§ EXERCISE INPUTS

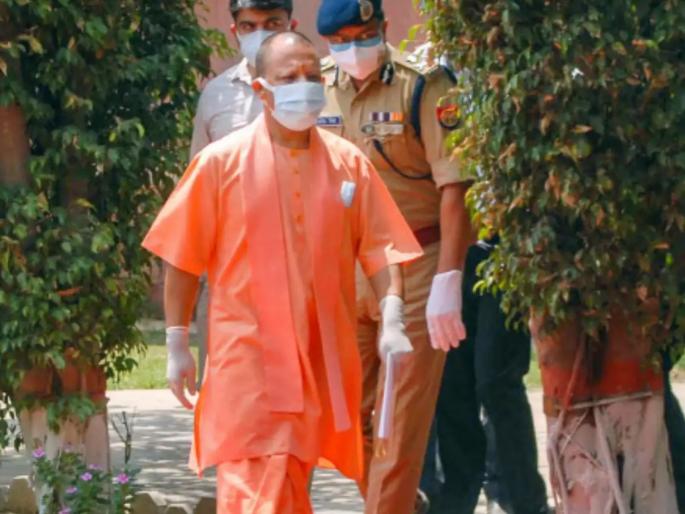 coronavirus cm yogi adityanath active ground zero district visit | CoronaVirus: योगी आदित्यनाथ मैदानात; १० दिवसांत ११ ठिकाणी दौरे, परिस्थितीचा घेतला आढावा coronavirus cm yogi adityanath active ground zero district visit | CoronaVirus: योगी आदित्यनाथ मैदानात; १० दिवसांत ११ ठिकाणी दौरे, परिस्थितीचा घेतला आढावा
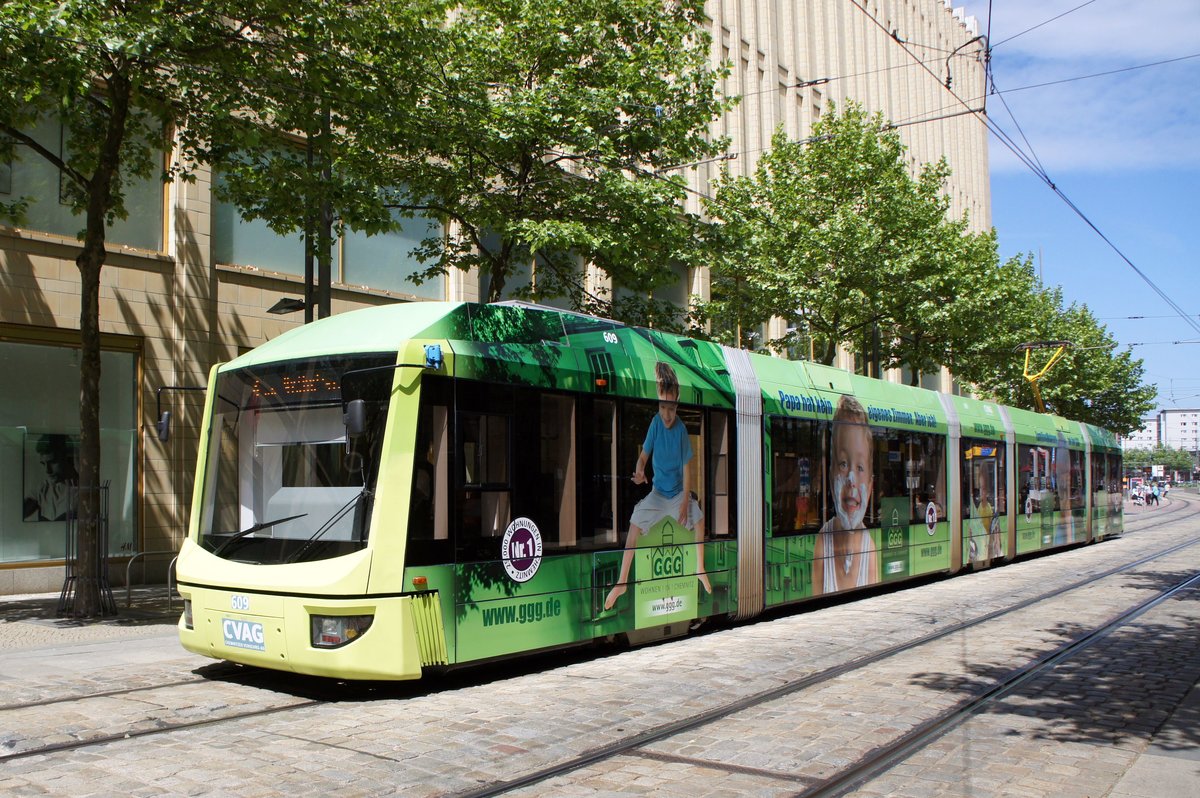 Straßenbahn Chemnitz / CVAG Chemnitz: Bombardier Variobahn 6NGT-LDE der Chemnitzer Verkehrs-AG (CVAG) - Wagen 609, aufgenommen im Juni 2016 in der Innenstadt von Chemnitz.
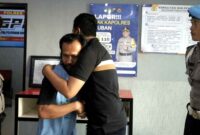 Momen mediasi antara anggota Polres Tuban dan korban dalam kasus yang viral di media sosial. Meski kedua pihak telah berdamai, Polres Tuban memastikan proses pemeriksaan internal terhadap anggota tetap dilakukan oleh Propam, (Assayid Annazili/Liputansatu.id).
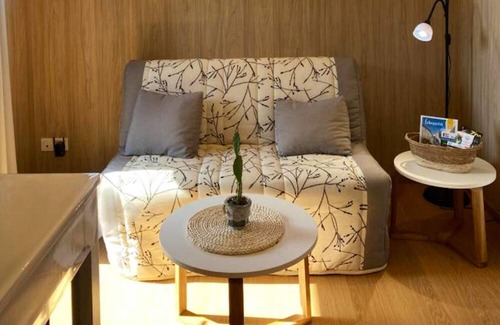 Plassay House | Homerez - House for 4 ppl. with jacuzzi, garden, terrace and balcony at Plassay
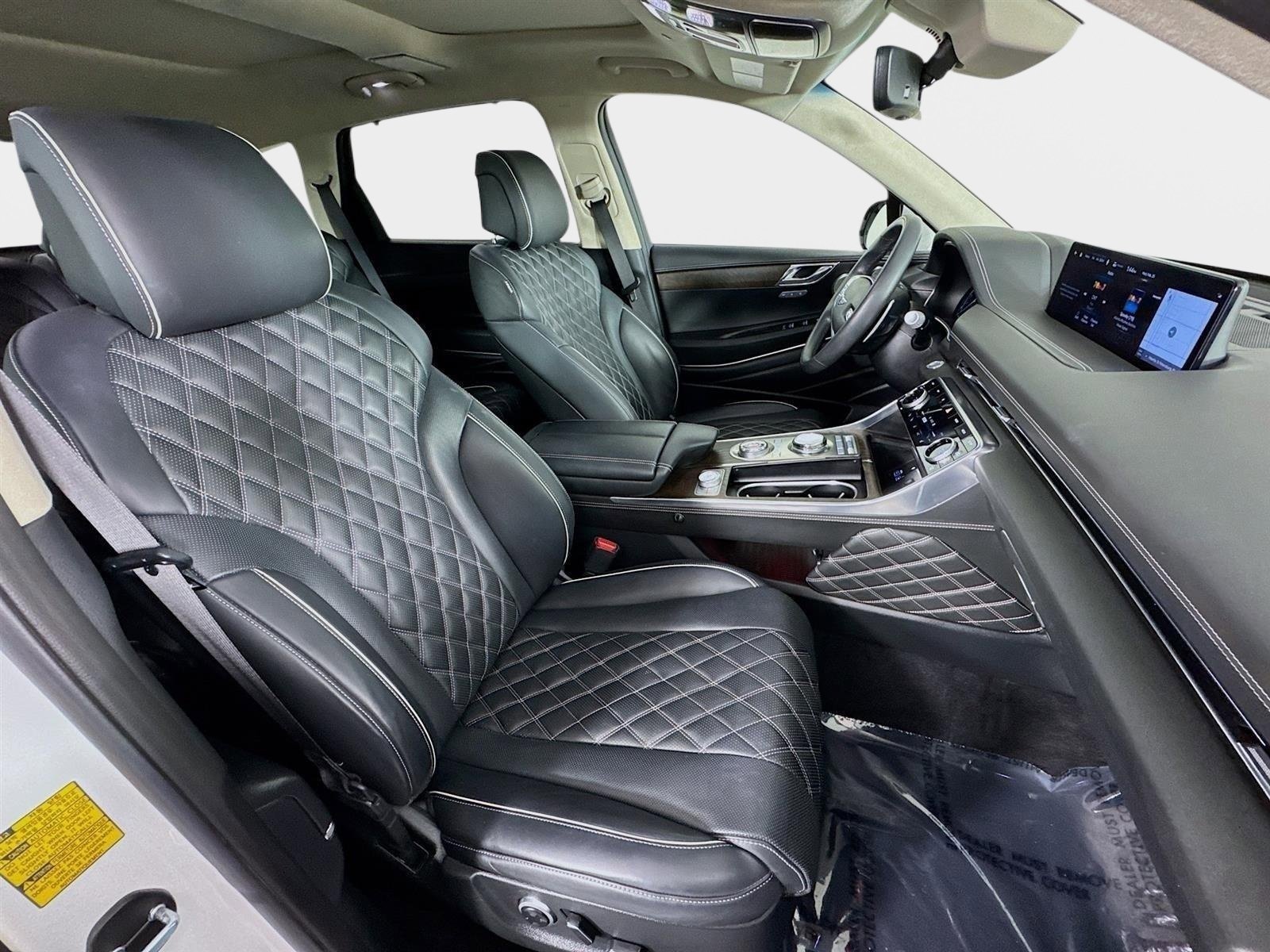 Certified 2024 Genesis GV80 3.5T w/ Prestige Package image 30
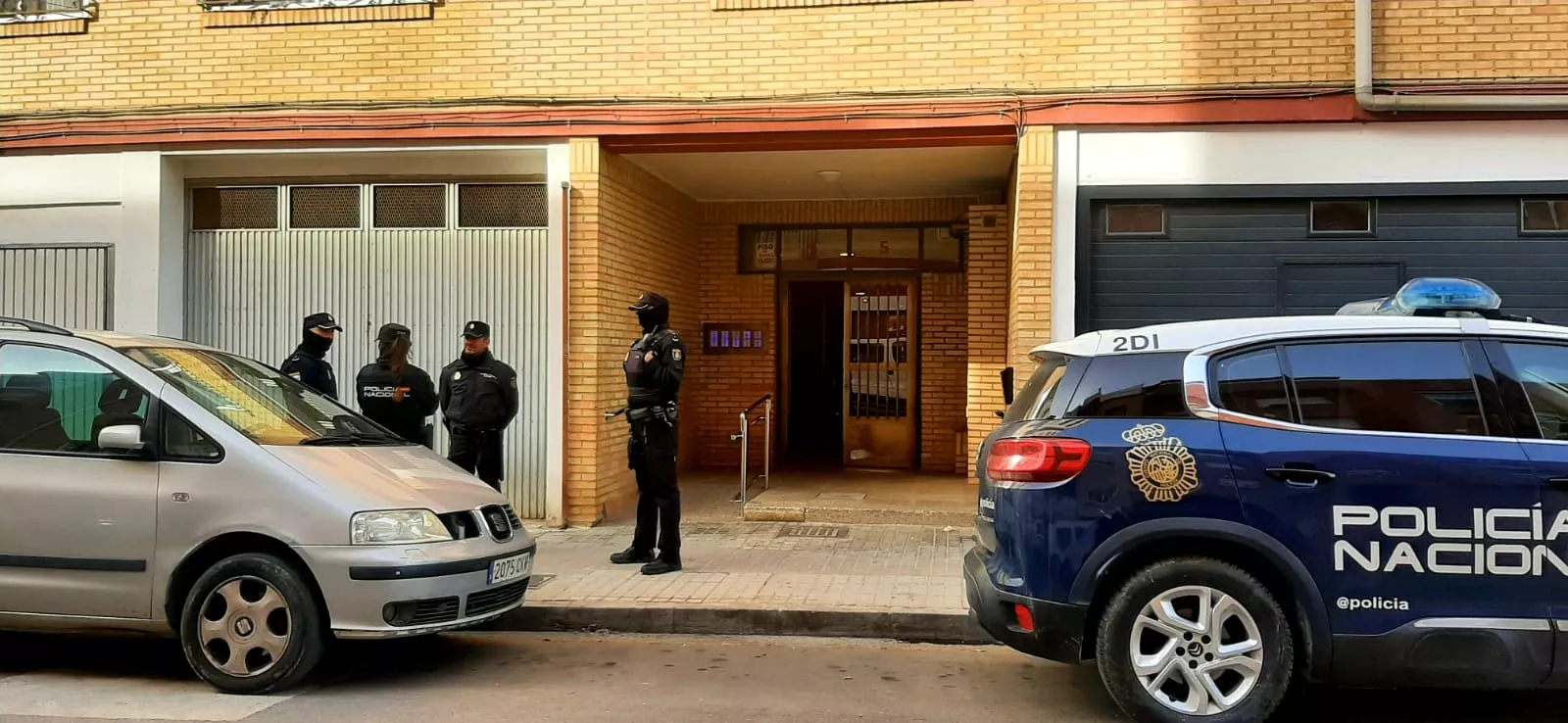 Imágenes de los dos detenidos en el dispositivo contra distribución de drogas en Huesca. Foto Myriam Martínez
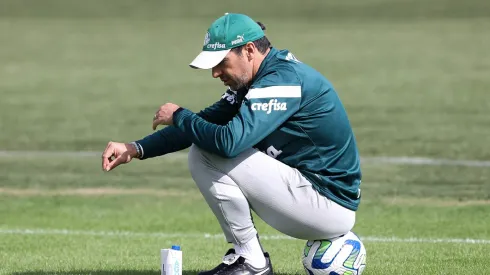 Atitude de Abel com Luís Castro viraliza na web e palmeirenses ironizam críticas para o treinador palmeirense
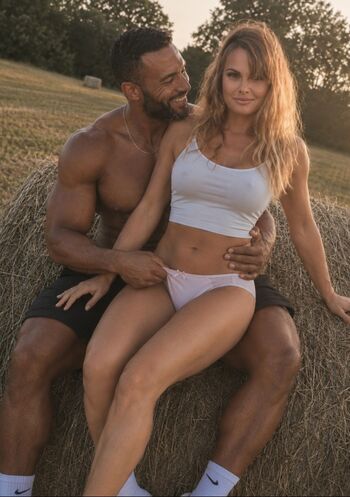 Leaked Laura woodford private photo viral onlyfans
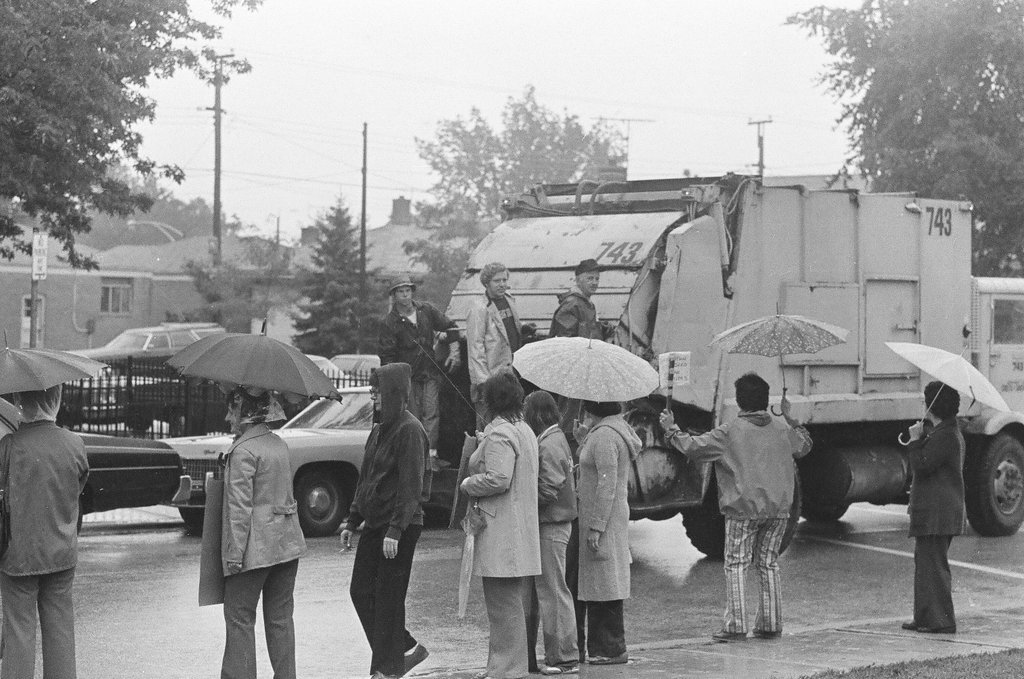 People protest busing at Stevenson School - Gene Pesek for Chicago Sun-Times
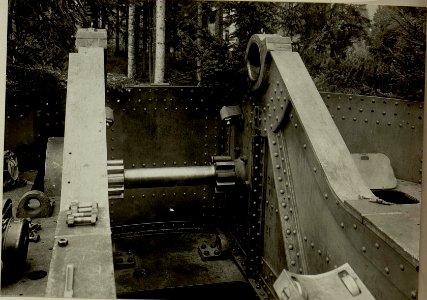 Küsten Haubitzen L-15, Batterie 3, Stellung im Lesachtal. Lafette Mittelteil. Aufgenommen am 19. VIII. 1916. (BildID 15480279)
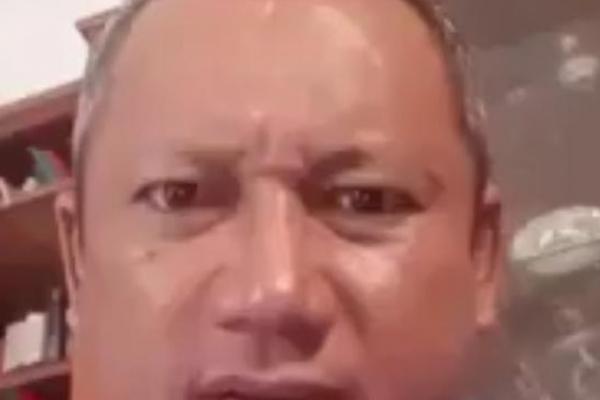 Iwan Adi Sucipto yang bicara keras di video viral adu domba TNI-Polri langsung meminta maaf kepada masyarakat atas apa yang diungkapkannya.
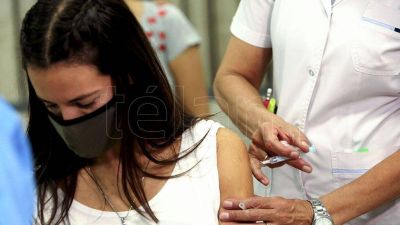 Argentina ya tiene m�s vacunados con primera dosis que infectados totales por coronavirus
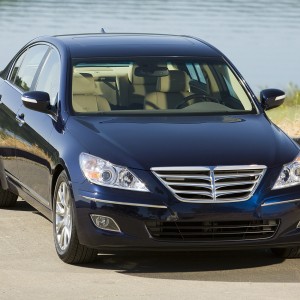 2011 hyundai genesis photo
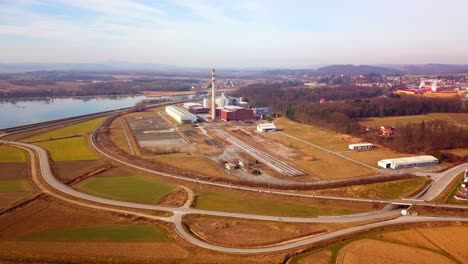 Impresionantes-Imágenes-Con-Drones-En-4k-De-La-Fábrica-De-Azúcar-En-Ormož-Y-Prlekija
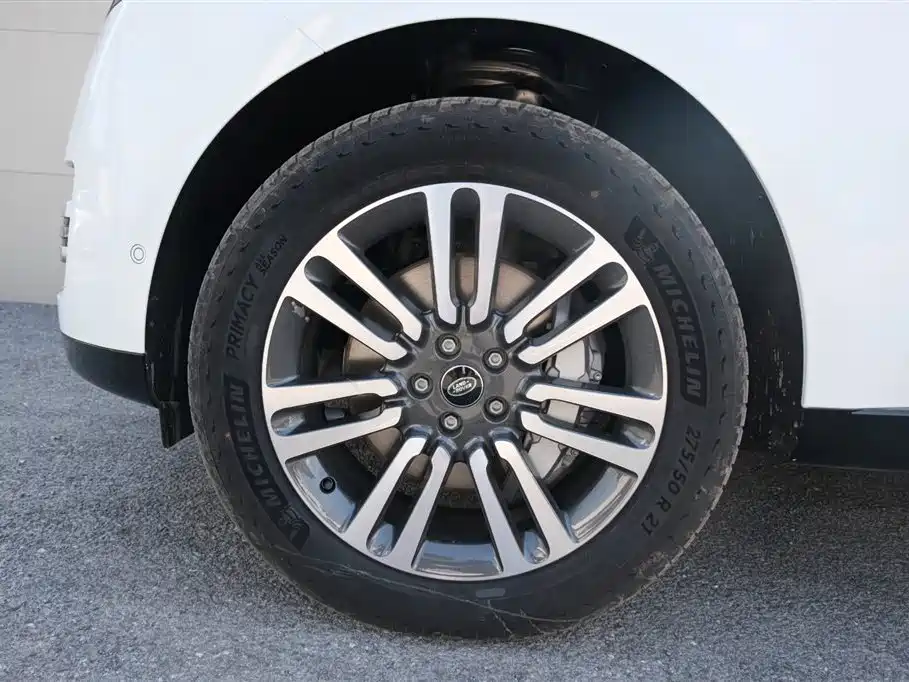 Range Rover 2023 3.0 L6 400PS Genesis Extended Edition купить на сайте DeffCars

§ WHAT YOU SHOULD DO
Beginning at the line with "Argentina ya tiene", reproduce word for word each line through the last line of the records. Include both ends but no pictures.

§ EXERCISE RESULT
 Argentina ya tiene m�s vacunados con primera dosis que infectados totales por coronavirus
 2011 hyundai genesis photo
 Impresionantes-Imágenes-Con-Drones-En-4k-De-La-Fábrica-De-Azúcar-En-Ormož-Y-Prlekija
 Range Rover 2023 3.0 L6 400PS Genesis Extended Edition купить на сайте DeffCars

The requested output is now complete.